Notícias

Desertificação e corais ameaçados por causa das mudanças climáticas

publicado: 28/02/2022 13h26, última modificação: 03/03/2022 13h29
Aumento global da temperatura já afeta ecossistemas na caatinga e no litoral da Paraíba
Corais esbranquiçados no Seixas - foto Christinne Eloy.jpeg

Coral esbranquiçado no Seixas. Foto: Christinne Eloy/ arquivo pessoal

O noticiário em todas as plataformas esteve atento nos últimos dias à tragédia que se abateu na cidade fluminense de Petrópolis: um temporal no qual desabou a quantidade de chuva prevista para o mês inteiro. Eventos extremos como esse (ou grandes secas, nevascas onde não costumava nevar, etc) são decorrência das mudanças climáticas pelas quais passa o planeta, como resultado da ação predatória do ser humano ao longo dos séculos. Essa realidade preocupante é visível em escala global e também nas proximidades: pesquisadores que estudam o meio ambiente na Paraíba, por exemplo, apontam como os ecossistemas locais já são afetados e o Governo do Estado também já toma ações para esse combate.
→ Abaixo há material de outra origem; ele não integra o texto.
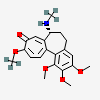 an image of a chemical structure CID 133687951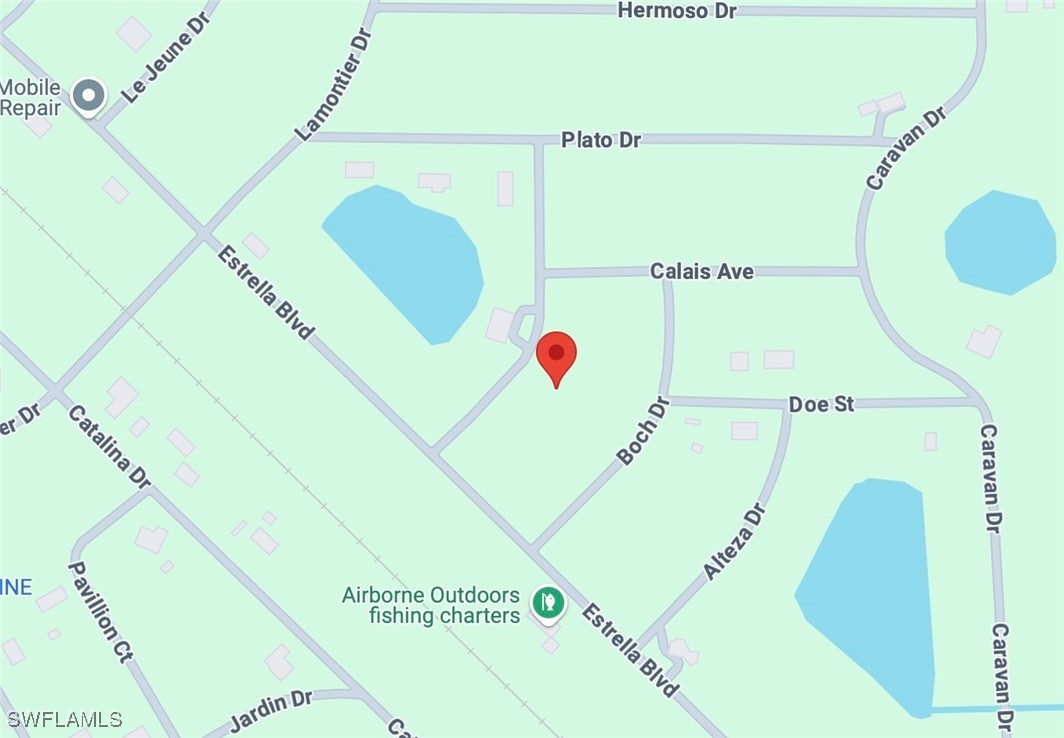 12268 Finwick DR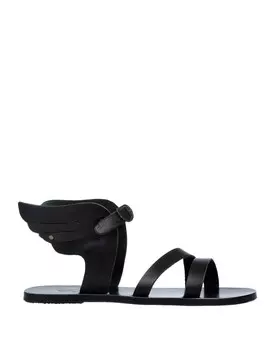 Сандалии Ancient Greek Sandals, черный
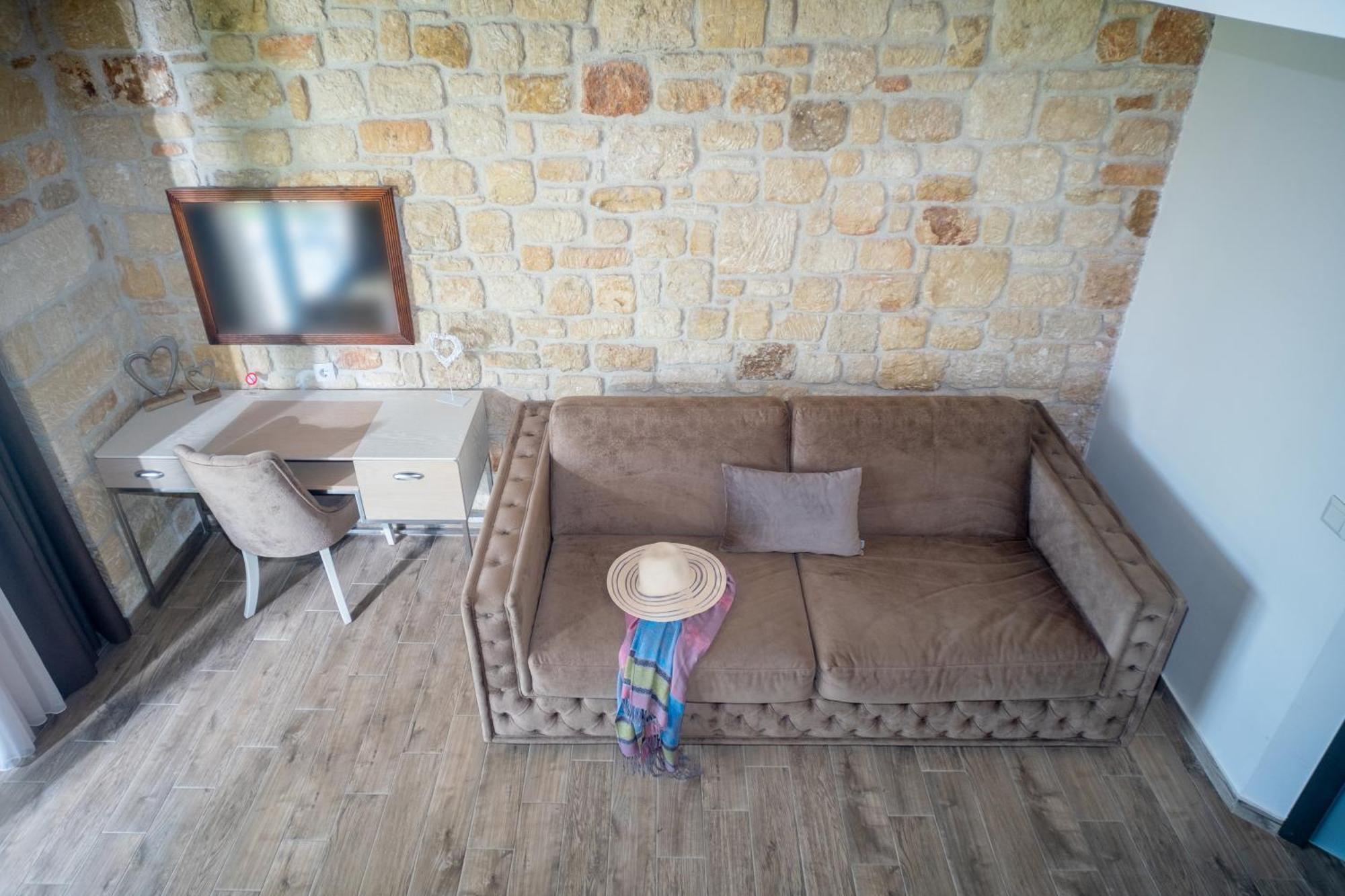 Villa Palma Kallithea  Eksteriør bilde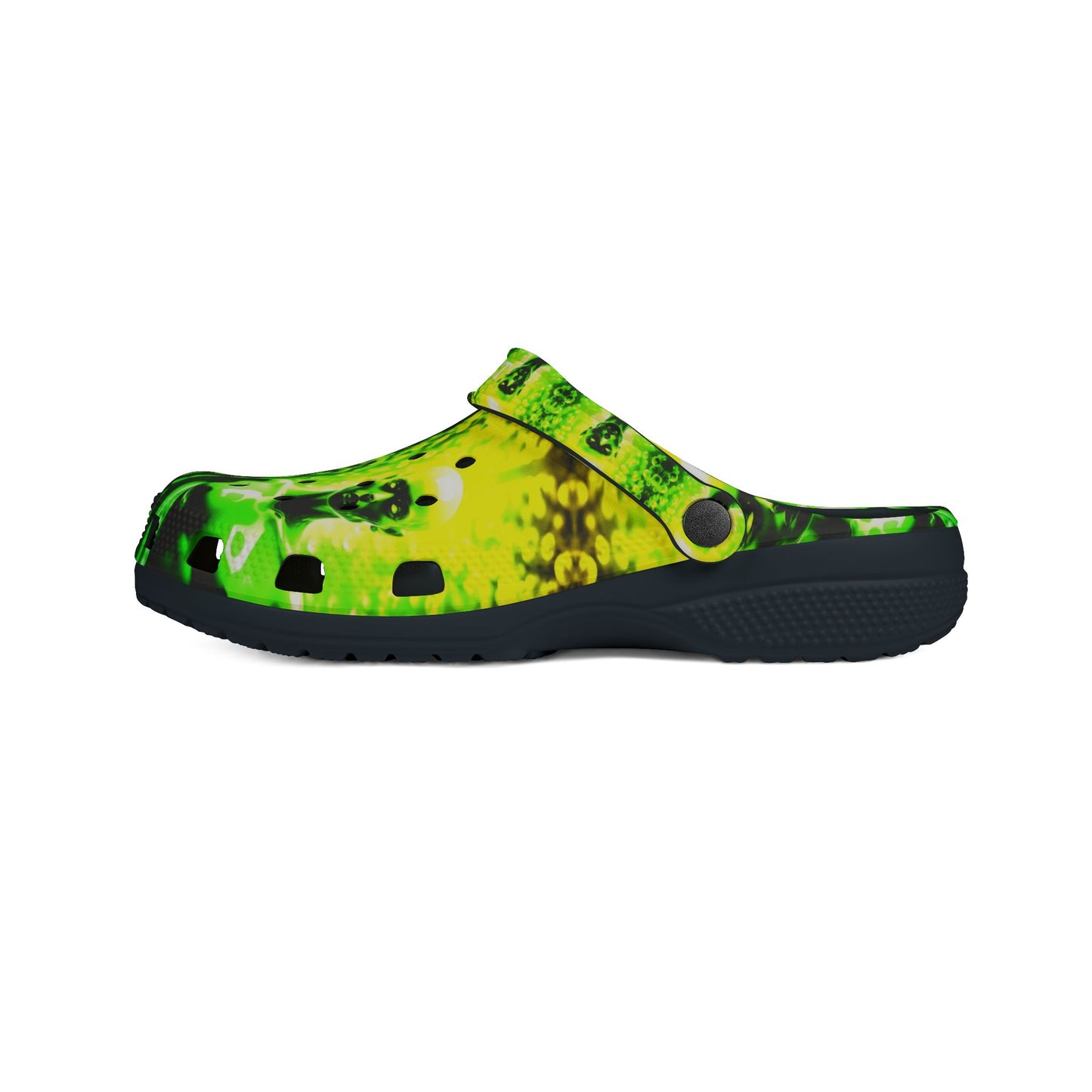 CLOGS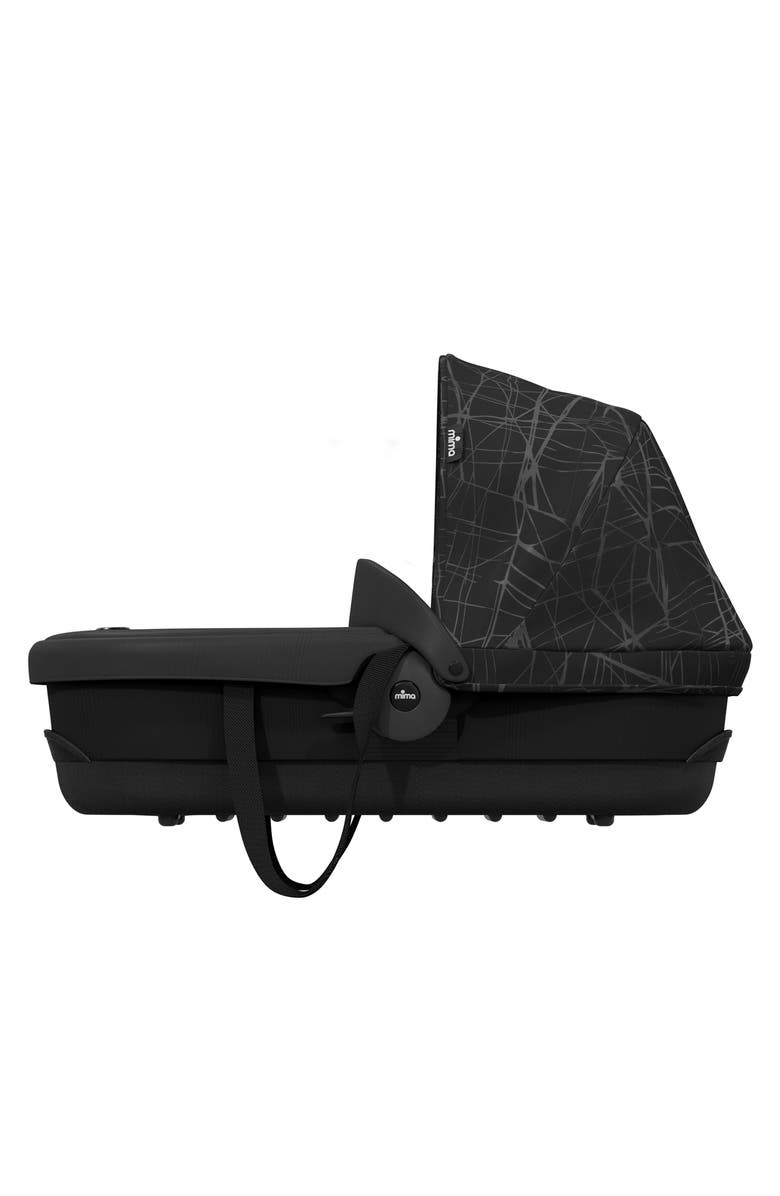 mima Zigi Carrycot, Alternate, color, 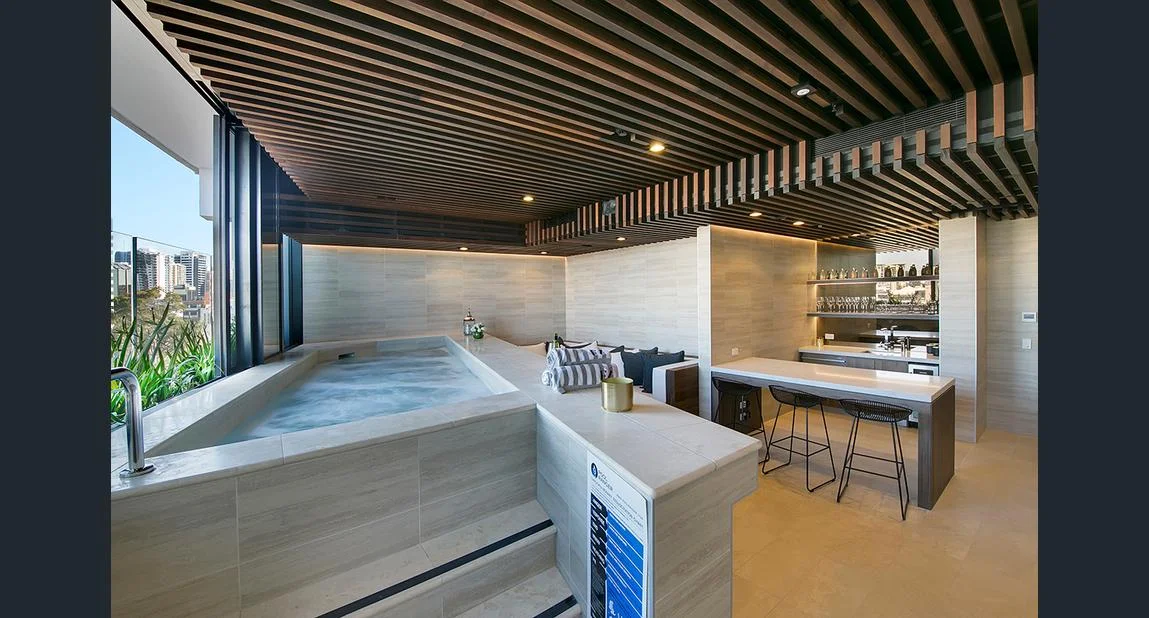 Additional image 12 of 2203/167 Alfred Street, Fortitude Valley QLD 4006
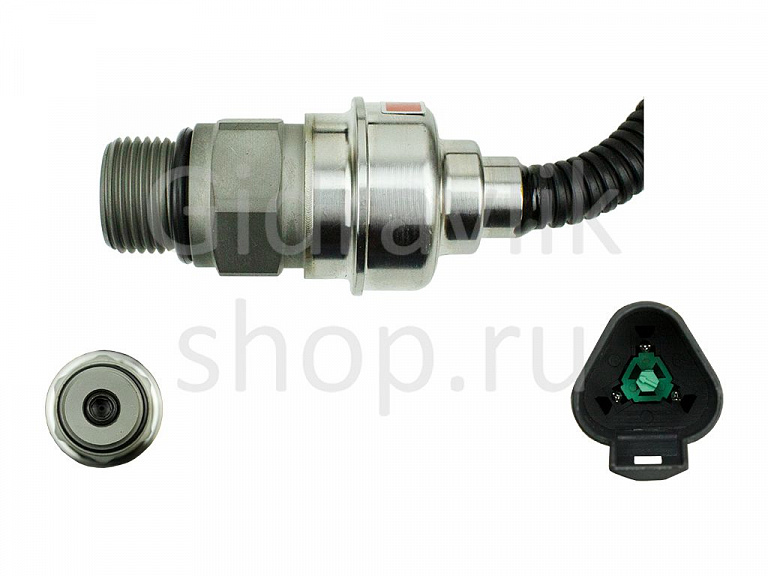Сенсор высокого давления, A8VO107, ESP400A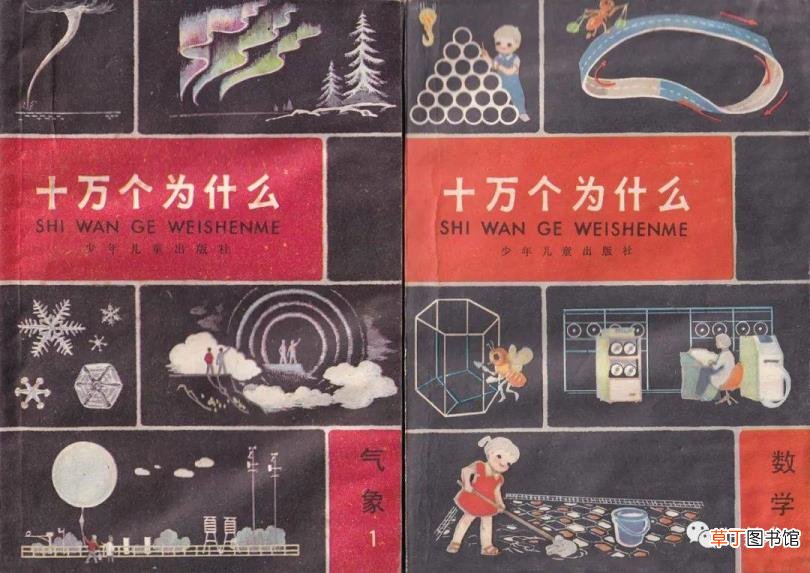 《十万个为什么》作文300字 十万个为什么作文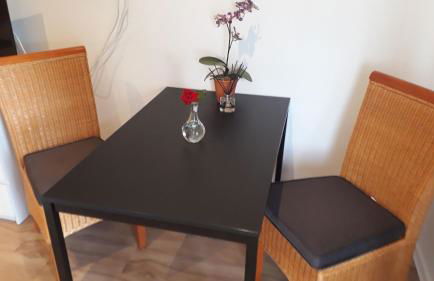 Studio mit 1 Schlafzimmer - Foto 8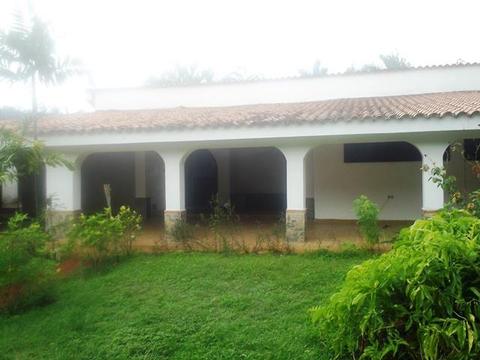 SE VENDE CASA EN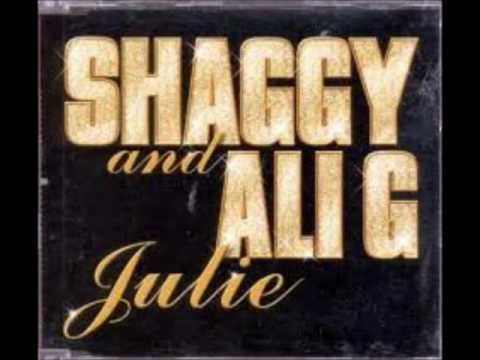 ali g ft shaggy me julie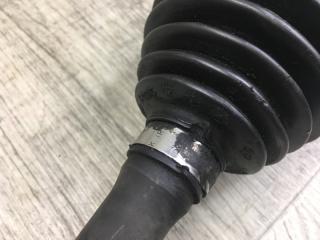 Привод передний левый FORTE/CERATO TD 08-13 2009 TD 2.0 G4KD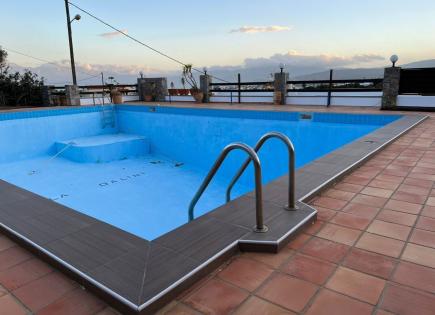 Hotel für 960 000 euro in Agios Nikolaos, Griechenland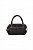 Bolsa Média Couro Tressê Luiza Barcelos - Imagem 2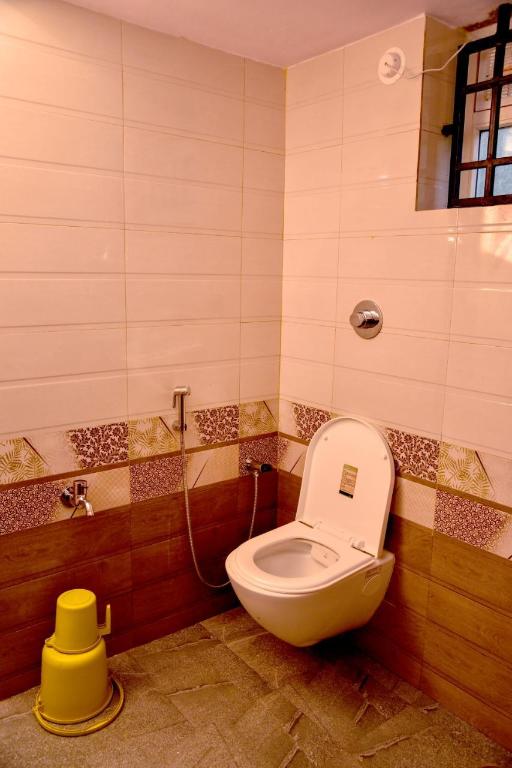 Фото Sree Varada International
Mudanças climáticas (alterações a longo prazo no clima e na temperatura) podem acontecer por motivos naturais – o planeta já passou por elas, mais ou menos dramáticas. Mas a partir do século XIX é o homem a principal mola propulsora das variações atuais, como, por exemplo, a queima de combustíveis fósseis (petróleo, carvão e gás), que geram emissões de gases de efeito estufa. Desmatamento, por sua vez, libera dióxido de carbono. A ONU alerta que, no ritmo em que estamos, o aumento na temperatura global pode chegar a 4,4ºC no final do século.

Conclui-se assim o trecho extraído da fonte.